Chama-se pomposamente “Carta Portuguesa de Direitos Humanos na Era Digital” . A Lei 27 de 17 de Maio de 2021 abre inevitavelmente a porta a actos de censura e delação, sob a capa de proteger os cidadãos da “desinformação”. António Barretoem “A inquisição, a censura e o Estado”, José Pacheco Pereira em “A aliança entre os censores e os que assinaram de cruz” e José Manuel Barata-Feyo, provedor do leitor do Público, em “A censura má e a censura boa” são três textos que valem a pena ler sobre a Lei que institucionalizou a censura, aprovada no Parlamento sem votos contra e promulgada sem qualquer reparo pelo Presidente da República Marcelo Rebelo de Sousa.
As tentações de censura numa lógica de “se não és por mim, és contra mim”, começaram a fazer o seu caminho há algum tempo a esta parte. Facilita-se a vida aos apoiantes do regime, dificulta-se a quem critica, chegando-se ao ponto de denegrir pessoas com carreiras reconhecidas. Veja-se, por exemplo, o que os defensores do poder em exercício disseram de Teodora Cardoso, ex-presidente do Conselho das Finanças Públicas, ou do ex-governador do Banco de Portugal, Carlos Costa. Ou como se viram livres da ex-procuradora-geral da República, Joana Marques Vidal, só para dar os exemplos mais mediáticos.
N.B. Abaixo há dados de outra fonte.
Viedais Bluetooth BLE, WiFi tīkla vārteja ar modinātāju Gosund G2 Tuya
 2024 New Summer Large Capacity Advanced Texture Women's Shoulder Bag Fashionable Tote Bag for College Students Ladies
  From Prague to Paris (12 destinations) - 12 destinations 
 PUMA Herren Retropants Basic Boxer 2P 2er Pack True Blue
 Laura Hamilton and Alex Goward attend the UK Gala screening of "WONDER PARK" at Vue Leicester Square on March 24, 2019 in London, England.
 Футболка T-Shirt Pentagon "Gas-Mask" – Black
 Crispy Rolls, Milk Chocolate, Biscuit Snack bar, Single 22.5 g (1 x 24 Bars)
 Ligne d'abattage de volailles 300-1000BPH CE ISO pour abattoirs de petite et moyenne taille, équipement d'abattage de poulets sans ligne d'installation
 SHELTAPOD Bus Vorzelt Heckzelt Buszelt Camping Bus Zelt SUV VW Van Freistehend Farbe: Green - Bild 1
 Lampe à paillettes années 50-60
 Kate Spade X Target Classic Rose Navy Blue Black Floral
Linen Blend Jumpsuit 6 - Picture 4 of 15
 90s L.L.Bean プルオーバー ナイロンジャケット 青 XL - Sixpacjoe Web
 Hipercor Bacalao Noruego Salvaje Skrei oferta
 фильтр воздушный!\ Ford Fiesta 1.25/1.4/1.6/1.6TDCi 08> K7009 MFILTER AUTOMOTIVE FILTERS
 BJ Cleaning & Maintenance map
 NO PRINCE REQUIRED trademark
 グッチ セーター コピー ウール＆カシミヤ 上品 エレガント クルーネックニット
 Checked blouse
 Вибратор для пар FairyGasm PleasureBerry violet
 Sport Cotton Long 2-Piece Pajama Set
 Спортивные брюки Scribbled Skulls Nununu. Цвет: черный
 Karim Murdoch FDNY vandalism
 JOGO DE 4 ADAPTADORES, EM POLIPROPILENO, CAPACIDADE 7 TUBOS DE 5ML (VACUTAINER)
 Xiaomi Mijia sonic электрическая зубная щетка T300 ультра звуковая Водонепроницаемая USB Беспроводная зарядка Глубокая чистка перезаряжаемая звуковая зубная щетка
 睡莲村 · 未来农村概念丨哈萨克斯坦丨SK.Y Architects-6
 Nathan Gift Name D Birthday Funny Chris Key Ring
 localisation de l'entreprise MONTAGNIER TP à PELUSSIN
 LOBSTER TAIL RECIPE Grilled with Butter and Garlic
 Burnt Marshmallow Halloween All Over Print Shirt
No diploma agora publicado vale a pena ler o art.º 6º. Começa por criar logo no título um direito, o “Direito à protecção contra a Desinformação”. E diz-nos, sob a capa de princípios europeus, que o Estado vai “proteger a sociedade contra pessoas singulares ou coletivas, de jure ou de facto, que produzam, reproduzam ou difundam narrativa considerada desinformação”. Portanto, o Estado arvora-se com o direito de nos dar o direito de ele Estado nos proteger contra a desinformação – a nova expressão para mentiras ou boatos que são tão velhas como a vida em comunidade.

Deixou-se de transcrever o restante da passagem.